È stato un inizio da incubo per la Williams, ma lei si allena con la bici e alle salite è abituato. Non è vero?
«Sì però il ciclismo è bello perché dopo la salita c’è la discesa».
E qui?
«Non è che detto che ci sia la discesa. E io sono uno a cui piacciono le discese. Se il ciclismo fosse solo scalare non sarei mai arrivato in cima a tanti percorsi. Qua è diverso, ma non è stato un inizio né facile né piacevole».

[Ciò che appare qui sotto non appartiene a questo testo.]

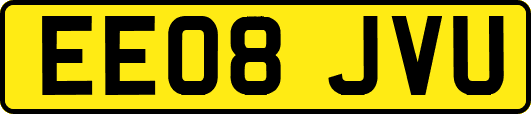 EE08JVU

Dentro di sé forse lo sapeva che sarebbe stata una sfida complicata.
«Sì, ma non così...».
Però una bella discesa l’ha già imboccata: è tornato in F1.
«Ni. Quella era una pianura, ora si risale. È una sfida difficile anche se filasse tutto liscio, e di certo gli intoppi non aiutano né il team né me. Già si gira poco prima di Melbourne(17 marzo ndr) e io sono pure stato assente tanti anni. Sembra una di quelle salite che all’ultimo km ti dicono “tranquillo, qui spiana”. Poi però vedi lo strappo finale e ti rendi conto che ti prendevano in giro. Speriamo almeno che sia l’ultimo strappo».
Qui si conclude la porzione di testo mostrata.